No, they're not the same, but the amount of time people have for entertainment is generally fixed. In the old days, they spent it reading books or socializing or doing a hobby like playing music or painting. Then radios were invented and people spent some time doing that. Then movies were invented and people spent some of their time going to those. With each new type of entertainment, people spent less time per-capita on the previous forms of entertainment (generally; radio was probably a bit unique because it can be done simultaneously as other activities such as driving, but in the old days it was a family activity).
Video games are doing the same thing. You can't watch a movie (easily) if you're playing a video game.
Yes, and yet by the counts, Westerners watch more televised content than ever.
If anything the substitute has been TV. Gaming is big, sure, but that doesn't appear to crowd out time reserved for watching media. I expect that the marathoner gamer who plays for hours daily is a comparatively smaller demographic.
It’s funny in tech it’s generally understood that that attention economy apps are in competition even though they ostensibly are not direct competitors. But when it comes to entertainment (the original attention economy) we don’t think of it in the same way.

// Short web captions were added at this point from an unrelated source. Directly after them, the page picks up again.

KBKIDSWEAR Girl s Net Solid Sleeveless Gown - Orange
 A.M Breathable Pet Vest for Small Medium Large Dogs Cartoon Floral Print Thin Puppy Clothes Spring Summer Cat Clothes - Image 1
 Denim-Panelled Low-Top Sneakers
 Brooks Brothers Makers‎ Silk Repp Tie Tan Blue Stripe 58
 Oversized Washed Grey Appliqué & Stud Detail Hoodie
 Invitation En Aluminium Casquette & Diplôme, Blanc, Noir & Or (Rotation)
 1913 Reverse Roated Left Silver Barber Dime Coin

NFL and related sport are, at least putatively, unscripted.
Which might be raised in relation to gaming as well, but I'd argue that gaming elements share much more in common with cinema, particularly in the contexts of world design, character development, backstory, and of course, CGI.
But when it’s time for entertainment, someone only has so much time in the day to watch a movie, play a game, watch sports, or scroll TikTok. They are all in competition with each other for that little slice of time each day
> That’s because Hollywood makes movies, not videogames
Not true. Most media conglomerates own both video game and movie production. The big players like Disney, Sony, Comcast, Universal, etc all have ownership stakes in video game companies and most TMT funds invest in both as a same bucket.
Yes. Those conglomerates also do TV. But Hollywood makes movies, and not talk shows. Many of those conglomerates also have internet access businesses. But Hollywood doesn’t lay fibre.
"Hollywood" is a metonym/catch-all term for the media industry just like how "Silicon Valley" is for the tech industry and "Wall Street" is for finance.
As more high-tech companies were established across San Jose and the Santa Clara Valley, and then north towards the Bay Area's two other major cities, San Francisco and Oakland, the term "Silicon Valley" came to have two definitions: a narrower geographic one, referring to Santa Clara County and southeastern San Mateo County, and a metonymical definition referring to high-tech businesses in the entire Bay Area.[citation needed] The name also became a global synonym for leading high-tech research and enterprises, and thus inspired similarly named locations, as well as research parks and technology centers with comparable structures all around the world.